BEGIN

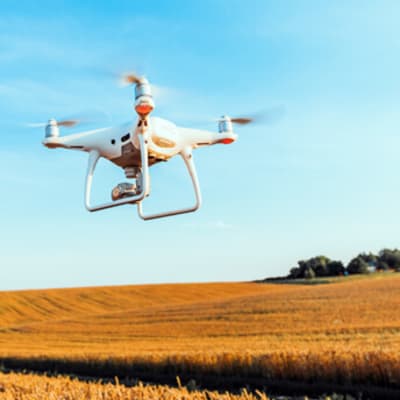 青空を飛ぶドローン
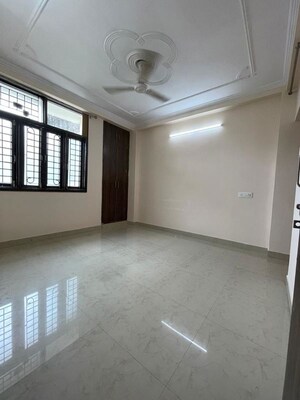Room in 1 BHK Builder Floor at Chattarpur – for Rent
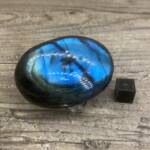 Galet en Labradorite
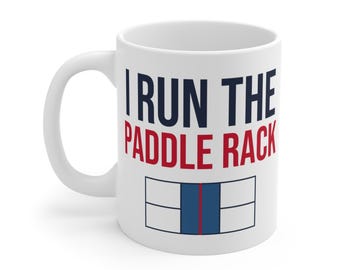 Taza de pickleball "Yo dirijo el Paddle Rack", divertida taza de café de 325 ml para la abuela.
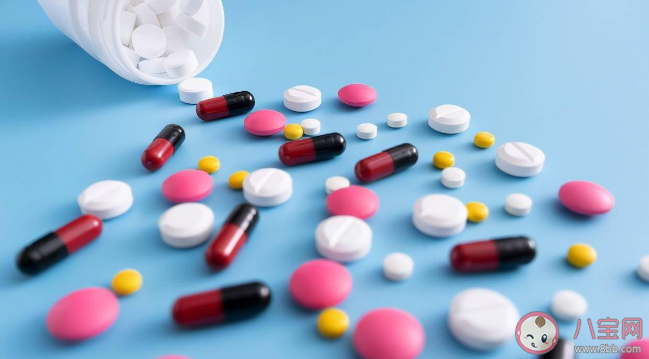 布洛芬过期了还能吃吗 过期的药品还有效果吗 布洛芬过期了还能吃吗 过期的药品还有效果吗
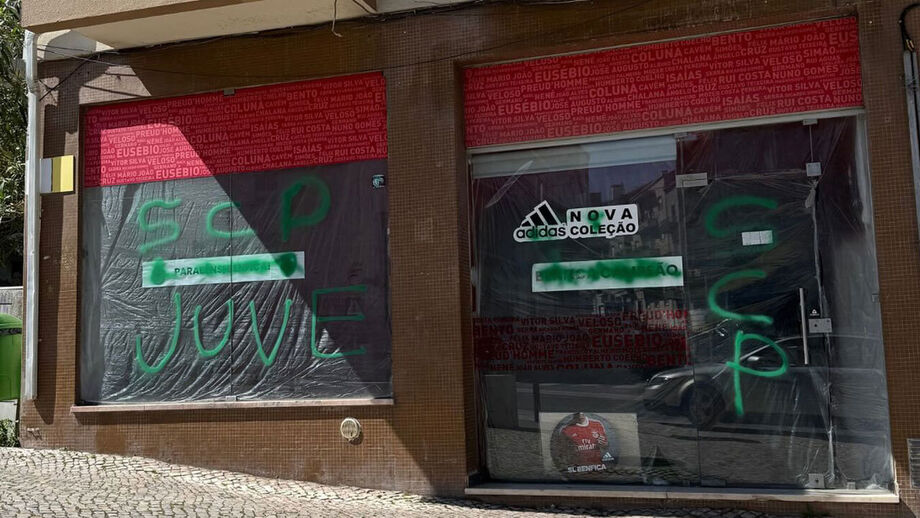 Antiga Casa do Benfica em Torres Vedras vandalizada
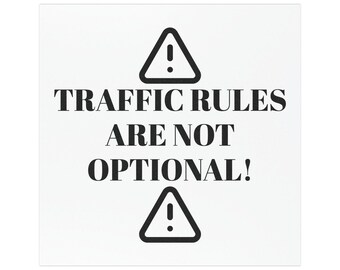 Puede incluir: Un letrero cuadrado blanco con texto negro que dice TRAFFIC RULES ARE NOT OPTIONAL! El texto está colocado entre dos iconos de advertencia triangulares negros, cada uno con un signo de exclamación, uno arriba y otro debajo.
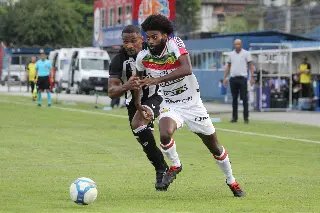 Com gol de Serrato, Brusque bate o Ceará neste domingo  - 13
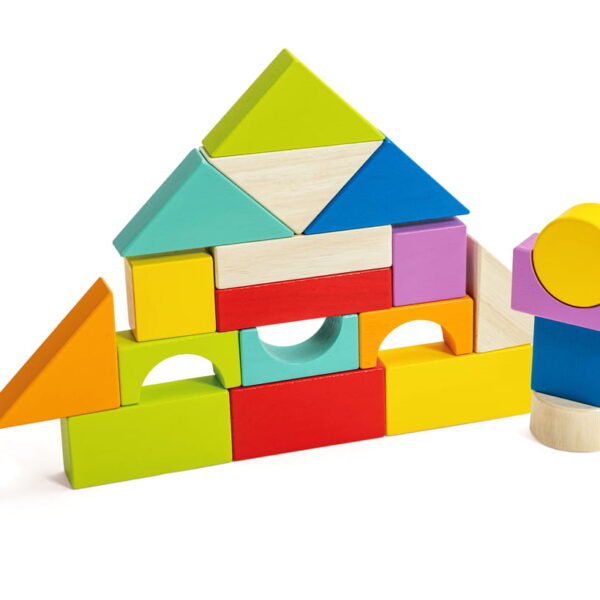 Építőkészletek és építhető állomások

END

Where the line with "Com gol de Serrato, Brusque" appears in the entries above, begin there and restate every line to the end word for word, minus the pictures.

 Com gol de Serrato, Brusque bate o Ceará neste domingo  - 13
 Építőkészletek és építhető állomások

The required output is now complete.